Christian Felber, co-founder of the Economy for the Common Good, visited Turkey from May 29 to 31, 2024 for the first International Prosumer Economy Conference (IPEC 2024). On this event, Felber shared a panel with ecologist Uygar Özesmi, the initiator of IPEC 2024. The event was made possible by the Heinrich Böll Foundation in Turkey. As a possible next step, there are plans to support the establishment of an Economy for the Common Good Local Chapter by the second edition of IPEC in 2025.

The organising team succeeded at gathering a diverse group of representatives from various sustainable economic models ranging from Post-growth to Doughnut Economics, from CSA to Social and Solidary Economy, from Fair Trade Social Enterprises to the Economy for the Common Good. The conference presented opportunities for sharing ideas and networking amongst like-minded individuals and groups. There were a number of important international guests, to mention a few: Vincent Liegey from the Degrowth movement, who is currently editing the Routledge Handbook on the topic; Leida Rijnhout from the World Fair Trade Organization, who is encouraging social entrepreneurship amongst fair producers and exporters from the Global South; internet security specialist Melanie Rieback, who is engaging for the end of extractive finance; and Amanda Kiessel from Good Market who is developing and offering a global infrastructure for initiatives of change.

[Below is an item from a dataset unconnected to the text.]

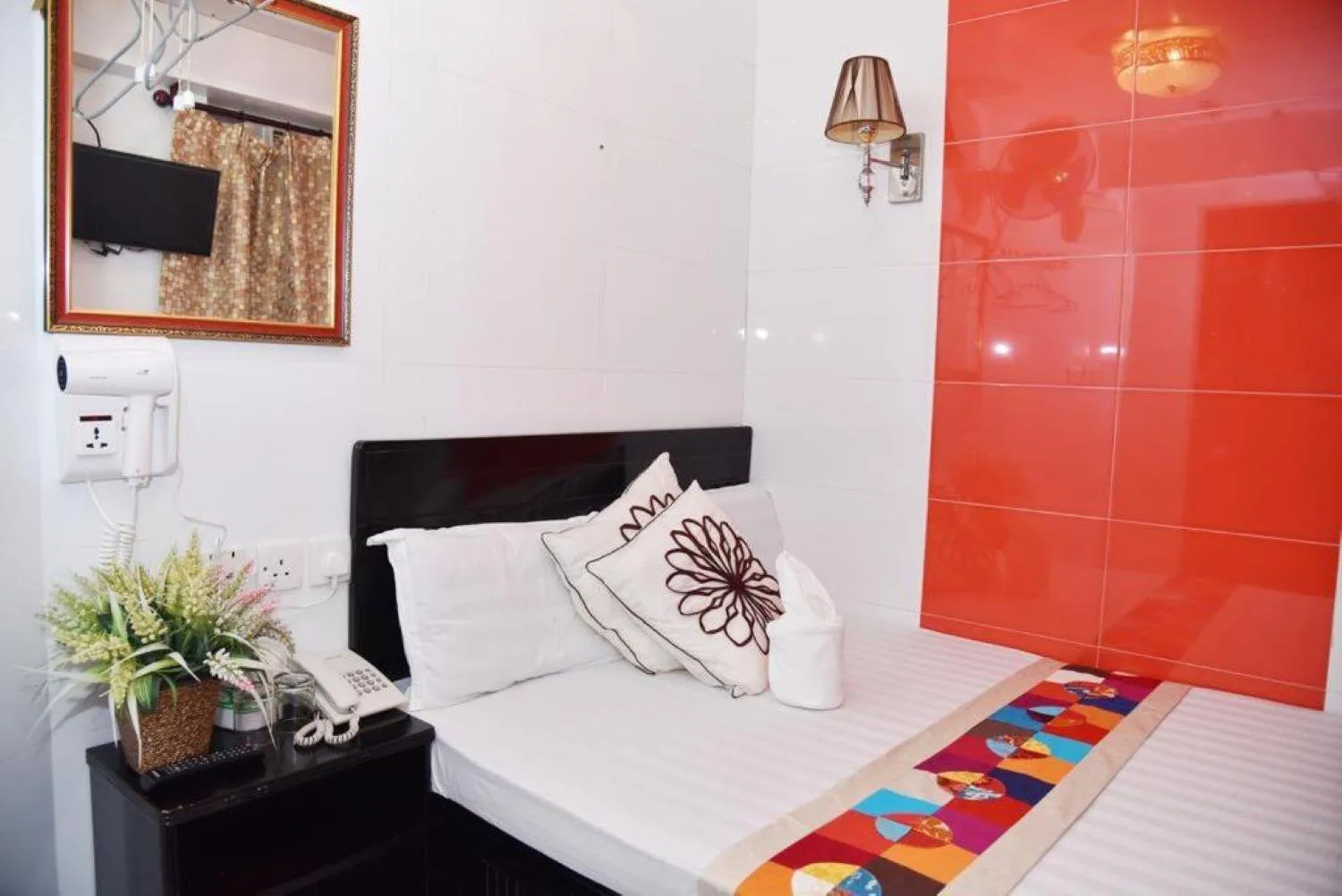 cot, Bed in Premium Lounge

Uygar Özesmi, Melanie Rieback, Amanda Kiessel, Leida Rijnhout, Vincent Liegey and Christian Felber.

Felber introduced the Economy for the Common Good on the main stage and related it to the planetary boundaries, the Doughnut, Fair Trade, and Social Enterprises. The message was warmly received, along with his dance moves, living up to the well-known nickname “dancing economist”. Apart from the panel, Felber had the opportunity to represent the model and organisation in a deep dive session with young climate activist Selin Usluer and an impromptu workshop between Christian Felber and Erinch Sahan emerged. The first introduced the opportunity to discuss power relations and the possibility of genuine change within the current political system, while the latter allowed them to contrast the Doughnut Design for Businesses (DDfB) and the Common Good Balance Sheet (CGBS). During this discussion, they discovered a large overlap between both tools and started a project to “map, match, and merge” them. They are now seeking volunteers interested in participating in this endeavor.

IPEC 2024 concluded with discussions on power relations, the future of democracy, and the possibility of “eternal peace”.